Que la rencontre entre les Dufour et les de Choudens ait eu lieu à l’occasion de ce premier voyage d’un Dufour de Villard n’est qu’une hypothèse même si elle est vraisemblable, mais ce qui n’est pas une hypothèse, ce qui est certain, c’est qu’elle a eu lieu vers cette époque puisque 2 frères Dufour épouseront bien 2 sœurs de Choudens.

C’est d’abord Thivent (un prénom assez répandu en cette fin du XVIIème et qui disparaîtra complètement au XVIIIème) qui épouse une jeune veuve, Etiennette de Choudens, le 2 février 1676. La cérémonie a lieu dans la petite chapelle du château des de Livron, les seigneurs de Saint Jean de Gonville. Puis ce couple disparaît. Contrairement à ses 2 frères qui font baptiser leurs enfants à Sergy aussi longtemps qu’ils le peuvent, Thivent et Etiennette ne réapparaissent jamais dans les registres de Sergy. Que sont-ils devenus ? Je ne le sais pas pour l’instant. Emigration, décès, bien des raisons peuvent expliquer cette disparition.

Lorsque son frère, Aimé, « mon » Aimé, se marie avec Huguenine de Choudens en 1679, c’est dans le nouveau temple qui vient enfin d’être érigé grâce aux collectes réalisés dans les cantons suisses protestants. La petite communauté a sans doute alors le sentiment que l’horizon s’éclaircit puisqu’ils disposent à nouveau d’un vrai temple ; nous savons, nous, que cette embellie passagère prépare la catastrophe et  que 5 ans plus tard, tout leur univers spirituel s’écroulera.
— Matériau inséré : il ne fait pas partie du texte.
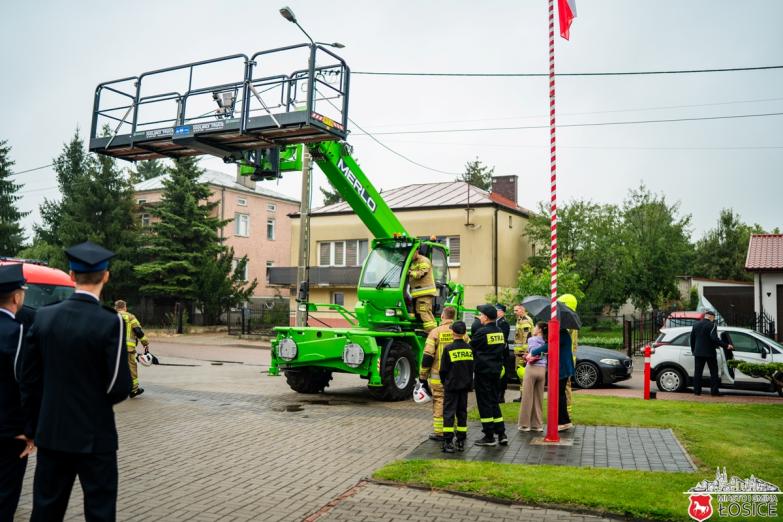Nowe wozy i specjalistyczny sprzęt dla druhów strażaków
Aimé fait baptiser ensuite ses 4 premiers enfants à Sergy, au terme du même voyage qu’il entreprend toujours à peu près dans les mêmes délais : Etiennette en 1680 qui épousera un Mollard, un bourgeois de Collonges (une famille de protestants, également) ; Jacqueline en 1681, qui se mariera à 13 ou 14 ans avec Jean Vuaillet de Saint Jean de Gonville, le fils de Pierre Vuaillet qui participa activement à la contruction du temple de Sergy ; Louis, en 1682 qui épousera une Bouvier du hameau d’Ecorans, autre famille et autre lieu de la mouvance protestante ; enfin Jean Aimé (dont le prénom est souvent raccourci en Aimé), mon ancêtre, le 4 octobre 1683 (baptême le 10 du même mois).
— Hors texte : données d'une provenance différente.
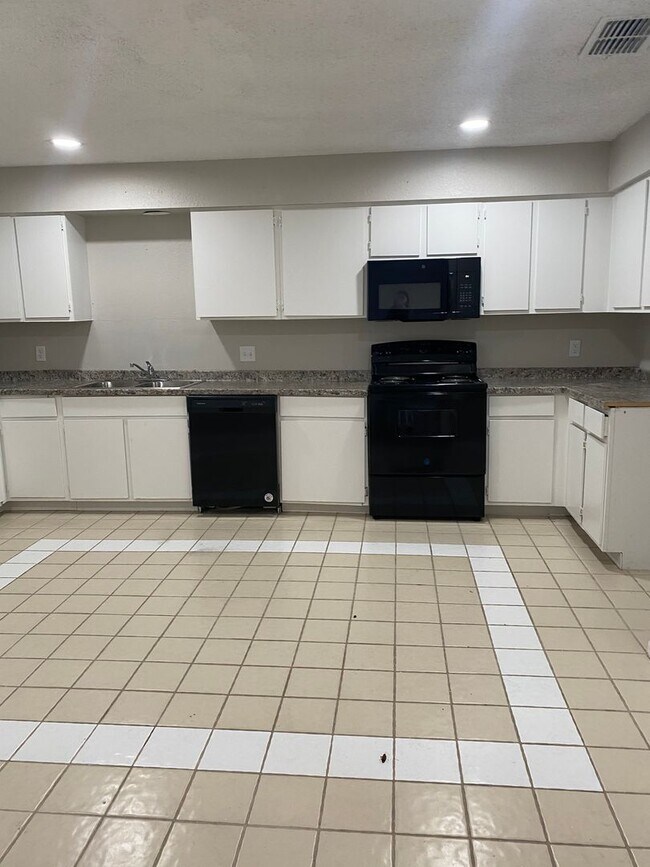 Building Photo - Upgraded large 3/2.5 bath Townhome, Portla...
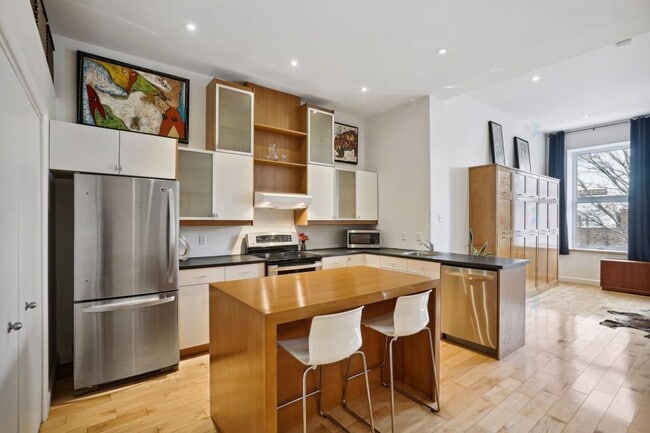 property at 1930 Papineau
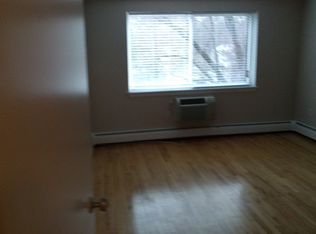 1250 Farmington Ave, West Hartford, CT 06107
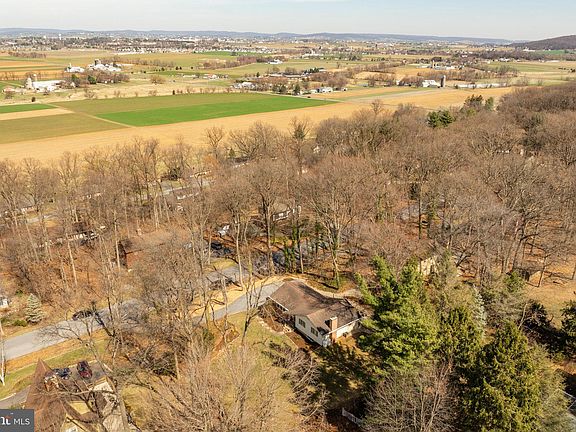 4th image of 132 Maple Dr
Aimé ne sera pas le dernier Dufour baptisé selon le rite protestant. Le dernier, ou plutôt la dernière, c’est Jeanne Louise sa cousine germaine, la fille de Jacques. Baptisée en octobre 1684, elle est une des dernières avant la démolition du temple en mars 1685.

Vauban
Pourtant, tout ne se termine pas en 1684, sous prétexte que Louis XIV en a décidé ainsi. Certes, il n’y a pas eu d’église du désert en Pays de Gex ; cela aurait été de toute façon difficile vu l’exigüité du pays coincé entre Jura et Suisse ; si l’on ne voulait pas abjurer sa foi, il était plus simple d’émigrer à quelques kilomètres de là. D’après les historiens, environ 1/3 des familles protestantes choisirent l’émigration, tous ceux notamment, artisans, commerçants, ou bourgeois qui ne tiraient pas leur subsistance d’un bien foncier que l’on ne peut emmener avec soi. C’est la raison pour laquelle l’émigration de 200 ou 300 000 huguenots fut aussi dramatique pour la France comme Vauban le faisait remarquer au Roi 2 ans après la Révocation : c’était l’élite de la nation.  Quant à  ceux qui restaient, il est évident qu’ils ne se résolurent à devenir catholiques que sous la contrainte et après avoir essayé  d’y échapper le plus longtemps possible..

L’église catholique tenait les grands moments de la vie : le baptème, le mariage (sans lequel les enfants ne pouvaient hériter car bâtards) et la cérémonie mortuaire sans lequel il ne pouvait y avoir d’enterrement dans le cimetière paroisial. Difficile mais pas impossible pendant un certain temps d’échapper à ce contrôle social et religieux.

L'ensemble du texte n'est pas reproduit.